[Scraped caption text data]
▼

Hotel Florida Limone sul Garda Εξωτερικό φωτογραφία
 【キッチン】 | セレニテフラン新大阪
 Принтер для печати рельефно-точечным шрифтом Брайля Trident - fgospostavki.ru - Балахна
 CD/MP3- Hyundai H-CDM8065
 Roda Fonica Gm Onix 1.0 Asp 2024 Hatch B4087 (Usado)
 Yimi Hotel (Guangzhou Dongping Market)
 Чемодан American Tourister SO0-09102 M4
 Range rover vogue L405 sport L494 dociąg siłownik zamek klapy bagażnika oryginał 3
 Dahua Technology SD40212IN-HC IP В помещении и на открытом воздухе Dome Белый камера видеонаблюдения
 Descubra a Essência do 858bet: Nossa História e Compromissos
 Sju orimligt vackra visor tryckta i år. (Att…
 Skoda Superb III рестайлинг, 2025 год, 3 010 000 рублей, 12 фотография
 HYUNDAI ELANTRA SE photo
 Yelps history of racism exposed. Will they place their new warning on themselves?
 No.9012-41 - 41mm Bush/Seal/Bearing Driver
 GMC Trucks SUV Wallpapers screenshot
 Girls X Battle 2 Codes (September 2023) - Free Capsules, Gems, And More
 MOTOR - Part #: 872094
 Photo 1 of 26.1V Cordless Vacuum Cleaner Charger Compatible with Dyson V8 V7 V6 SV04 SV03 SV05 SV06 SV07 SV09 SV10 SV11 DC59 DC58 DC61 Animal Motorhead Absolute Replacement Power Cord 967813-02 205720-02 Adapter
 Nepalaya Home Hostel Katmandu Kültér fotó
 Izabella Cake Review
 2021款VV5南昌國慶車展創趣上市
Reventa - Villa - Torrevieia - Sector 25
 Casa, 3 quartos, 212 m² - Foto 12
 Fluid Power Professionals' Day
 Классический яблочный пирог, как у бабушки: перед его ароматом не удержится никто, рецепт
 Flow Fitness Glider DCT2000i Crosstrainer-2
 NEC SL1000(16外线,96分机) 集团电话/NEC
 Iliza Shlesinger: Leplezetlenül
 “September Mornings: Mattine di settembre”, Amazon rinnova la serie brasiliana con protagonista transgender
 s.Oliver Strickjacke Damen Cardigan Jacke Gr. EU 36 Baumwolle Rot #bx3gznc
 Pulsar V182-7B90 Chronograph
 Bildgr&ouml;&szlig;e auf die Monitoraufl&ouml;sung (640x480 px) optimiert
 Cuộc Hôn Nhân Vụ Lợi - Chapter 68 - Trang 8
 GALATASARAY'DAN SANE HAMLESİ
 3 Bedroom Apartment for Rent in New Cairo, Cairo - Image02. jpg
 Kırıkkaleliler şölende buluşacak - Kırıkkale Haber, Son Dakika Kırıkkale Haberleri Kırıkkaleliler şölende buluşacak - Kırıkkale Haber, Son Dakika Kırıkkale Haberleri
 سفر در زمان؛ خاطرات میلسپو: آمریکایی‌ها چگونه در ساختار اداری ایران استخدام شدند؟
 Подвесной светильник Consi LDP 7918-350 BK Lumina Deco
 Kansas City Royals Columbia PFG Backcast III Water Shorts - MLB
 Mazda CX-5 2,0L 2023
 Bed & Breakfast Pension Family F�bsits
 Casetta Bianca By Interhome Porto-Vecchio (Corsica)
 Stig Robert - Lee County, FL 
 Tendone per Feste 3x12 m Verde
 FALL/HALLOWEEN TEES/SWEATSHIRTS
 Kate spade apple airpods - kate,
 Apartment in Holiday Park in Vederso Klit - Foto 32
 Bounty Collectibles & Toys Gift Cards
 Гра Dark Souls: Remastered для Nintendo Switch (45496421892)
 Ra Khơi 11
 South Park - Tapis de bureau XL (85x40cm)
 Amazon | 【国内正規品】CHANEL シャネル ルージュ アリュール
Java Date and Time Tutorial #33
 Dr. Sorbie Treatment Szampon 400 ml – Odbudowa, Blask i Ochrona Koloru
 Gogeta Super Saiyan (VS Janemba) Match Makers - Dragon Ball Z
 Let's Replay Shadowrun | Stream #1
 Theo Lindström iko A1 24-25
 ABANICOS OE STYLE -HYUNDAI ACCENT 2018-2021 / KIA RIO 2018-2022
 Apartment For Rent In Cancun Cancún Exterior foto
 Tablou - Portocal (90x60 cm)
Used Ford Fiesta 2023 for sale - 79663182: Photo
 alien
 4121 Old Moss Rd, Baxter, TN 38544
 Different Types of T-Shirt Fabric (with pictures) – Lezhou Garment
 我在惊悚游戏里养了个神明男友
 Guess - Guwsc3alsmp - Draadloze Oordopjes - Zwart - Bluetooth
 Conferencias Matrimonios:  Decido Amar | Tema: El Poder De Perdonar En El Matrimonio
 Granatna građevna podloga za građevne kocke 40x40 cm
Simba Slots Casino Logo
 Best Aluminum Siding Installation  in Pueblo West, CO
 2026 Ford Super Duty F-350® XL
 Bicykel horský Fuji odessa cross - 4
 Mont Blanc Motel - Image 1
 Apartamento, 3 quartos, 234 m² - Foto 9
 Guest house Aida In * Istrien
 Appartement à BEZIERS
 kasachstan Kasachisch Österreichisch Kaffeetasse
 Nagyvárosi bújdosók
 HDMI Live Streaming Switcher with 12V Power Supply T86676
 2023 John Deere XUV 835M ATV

▲

WHAT THE EXERCISE ASKS → In full and unchanged, repeat the data above.

RESPONSE TO THIS EXERCISE →
Hotel Florida Limone sul Garda Εξωτερικό φωτογραφία
 【キッチン】 | セレニテフラン新大阪
 Принтер для печати рельефно-точечным шрифтом Брайля Trident - fgospostavki.ru - Балахна
 CD/MP3- Hyundai H-CDM8065
 Roda Fonica Gm Onix 1.0 Asp 2024 Hatch B4087 (Usado)
 Yimi Hotel (Guangzhou Dongping Market)
 Чемодан American Tourister SO0-09102 M4
 Range rover vogue L405 sport L494 dociąg siłownik zamek klapy bagażnika oryginał 3
 Dahua Technology SD40212IN-HC IP В помещении и на открытом воздухе Dome Белый камера видеонаблюдения
 Descubra a Essência do 858bet: Nossa História e Compromissos
 Sju orimligt vackra visor tryckta i år. (Att…
 Skoda Superb III рестайлинг, 2025 год, 3 010 000 рублей, 12 фотография
 HYUNDAI ELANTRA SE photo
 Yelps history of racism exposed. Will they place their new warning on themselves?
 No.9012-41 - 41mm Bush/Seal/Bearing Driver
 GMC Trucks SUV Wallpapers screenshot
 Girls X Battle 2 Codes (September 2023) - Free Capsules, Gems, And More
 MOTOR - Part #: 872094
 Photo 1 of 26.1V Cordless Vacuum Cleaner Charger Compatible with Dyson V8 V7 V6 SV04 SV03 SV05 SV06 SV07 SV09 SV10 SV11 DC59 DC58 DC61 Animal Motorhead Absolute Replacement Power Cord 967813-02 205720-02 Adapter
 Nepalaya Home Hostel Katmandu Kültér fotó
 Izabella Cake Review
 2021款VV5南昌國慶車展創趣上市
Reventa - Villa - Torrevieia - Sector 25
 Casa, 3 quartos, 212 m² - Foto 12
 Fluid Power Professionals' Day
 Классический яблочный пирог, как у бабушки: перед его ароматом не удержится никто, рецепт
 Flow Fitness Glider DCT2000i Crosstrainer-2
 NEC SL1000(16外线,96分机) 集团电话/NEC
 Iliza Shlesinger: Leplezetlenül
 “September Mornings: Mattine di settembre”, Amazon rinnova la serie brasiliana con protagonista transgender
 s.Oliver Strickjacke Damen Cardigan Jacke Gr. EU 36 Baumwolle Rot #bx3gznc
 Pulsar V182-7B90 Chronograph
 Bildgr&ouml;&szlig;e auf die Monitoraufl&ouml;sung (640x480 px) optimiert
 Cuộc Hôn Nhân Vụ Lợi - Chapter 68 - Trang 8
 GALATASARAY'DAN SANE HAMLESİ
 3 Bedroom Apartment for Rent in New Cairo, Cairo - Image02. jpg
 Kırıkkaleliler şölende buluşacak - Kırıkkale Haber, Son Dakika Kırıkkale Haberleri Kırıkkaleliler şölende buluşacak - Kırıkkale Haber, Son Dakika Kırıkkale Haberleri
 سفر در زمان؛ خاطرات میلسپو: آمریکایی‌ها چگونه در ساختار اداری ایران استخدام شدند؟
 Подвесной светильник Consi LDP 7918-350 BK Lumina Deco
 Kansas City Royals Columbia PFG Backcast III Water Shorts - MLB
 Mazda CX-5 2,0L 2023
 Bed & Breakfast Pension Family F�bsits
 Casetta Bianca By Interhome Porto-Vecchio (Corsica)
 Stig Robert - Lee County, FL 
 Tendone per Feste 3x12 m Verde
 FALL/HALLOWEEN TEES/SWEATSHIRTS
 Kate spade apple airpods - kate,
 Apartment in Holiday Park in Vederso Klit - Foto 32
 Bounty Collectibles & Toys Gift Cards
 Гра Dark Souls: Remastered для Nintendo Switch (45496421892)
 Ra Khơi 11
 South Park - Tapis de bureau XL (85x40cm)
 Amazon | 【国内正規品】CHANEL シャネル ルージュ アリュール
Java Date and Time Tutorial #33
 Dr. Sorbie Treatment Szampon 400 ml – Odbudowa, Blask i Ochrona Koloru
 Gogeta Super Saiyan (VS Janemba) Match Makers - Dragon Ball Z
 Let's Replay Shadowrun | Stream #1
 Theo Lindström iko A1 24-25
 ABANICOS OE STYLE -HYUNDAI ACCENT 2018-2021 / KIA RIO 2018-2022
 Apartment For Rent In Cancun Cancún Exterior foto
 Tablou - Portocal (90x60 cm)
Used Ford Fiesta 2023 for sale - 79663182: Photo
 alien
 4121 Old Moss Rd, Baxter, TN 38544
 Different Types of T-Shirt Fabric (with pictures) – Lezhou Garment
 我在惊悚游戏里养了个神明男友
 Guess - Guwsc3alsmp - Draadloze Oordopjes - Zwart - Bluetooth
 Conferencias Matrimonios:  Decido Amar | Tema: El Poder De Perdonar En El Matrimonio
 Granatna građevna podloga za građevne kocke 40x40 cm
Simba Slots Casino Logo
 Best Aluminum Siding Installation  in Pueblo West, CO
 2026 Ford Super Duty F-350® XL
 Bicykel horský Fuji odessa cross - 4
 Mont Blanc Motel - Image 1
 Apartamento, 3 quartos, 234 m² - Foto 9
 Guest house Aida In * Istrien
 Appartement à BEZIERS
 kasachstan Kasachisch Österreichisch Kaffeetasse
 Nagyvárosi bújdosók
 HDMI Live Streaming Switcher with 12V Power Supply T86676
 2023 John Deere XUV 835M ATV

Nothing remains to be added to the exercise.